IE Warehouse Wage Growth Lags Behind Coastal Markets

Carrie Rossenfeld Industrial

A representative of JLL has released a report from the firm that shows a bifurcation between the wage growth of warehouse workers in the Inland Empire vs. the coastal markets. Somewhat surprisingly, given the strength of the IE warehouse sector, the report shows wage growth for warehouse employees in this market is not keeping up with that of its coastal neighbors.

As the chart below illustrates, the report finds that since 2007, annual wages for warehouse and transportation workers has grown 28 percent in Los Angeles and 18.9 percent in Orange County but only 4.7 percent in San Bernardino County and 1.4 percent in Riverside County.
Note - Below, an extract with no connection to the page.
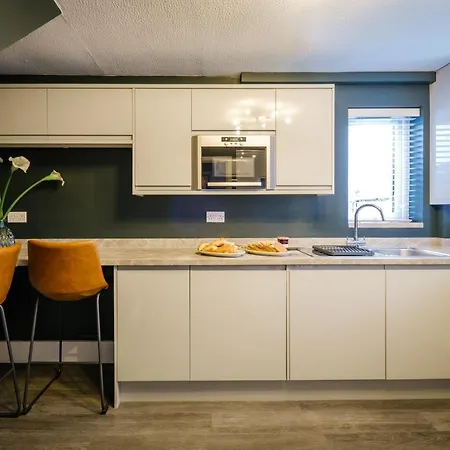 Rockside - Luxury 1 Bedroom With Hot Tub, Location, Parking And Pet Friendly Casa de Férias Windermere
But there’s another disparity, according to the report: warehouse and transportation workers’ wage growth since 2007 was significantly lower than wage growth in all industries in the IE markets. Annual wages in all industries grew 19.9 percent in San Bernardino County and 16 percent in Riverside County, demonstrating a considerable spread between the subset and the total, the report says.

Courtesy a representative of JLL

According to the report, “In Southern California, warehouse workers in coastal labor markets have seen their paychecks grow consistently, if not modestly, since the recession. On the other hand, warehouse and transportation wages in San Bernardino and Riverside Counties remained relatively static during the same decade.”

The report says one explanation for stifled warehouse wage growth in the Inland Empire over the last decade could be a less diversified employer base. “Large e-retailers employ hundreds of warehouse workers per distribution center in the IE, setting the bar for wages and also creating a less competitive labor market.”

As additional companies expand into the e-commerce fold, big-box labor markets like the IE will become increasingly diversified and in turn, more competitive, the report concludes.

SoCal Real Estate reached out to the rep for more information on when that diversification and subsequent increased wage growth might take place, and was told by Amber Schiada, JLL’s senior director of research, “The Inland Empire felt the fallout from the housing crash more acutely than anywhere else in Southern California, with several years of job losses in construction, manufacturing, wholesale trade, and transportation. This led to an oversupply of labor, and when that happens you see wages stagnate. The economy is recovered now, and the boom in ecommerce and construction activity in the region is creating many jobs for all kinds of workers.”

Schiada adds that the IE is also the most-affordable housing market in Southern California, which is spurring demographic growth. “I think more rapid wage growth is on the horizon, especially after seeing today’s U.S. jobs report, where wages increased by 2.9 percent year over year. We are reaching a point where competitive labor demand will drive wages more rapidly than before.”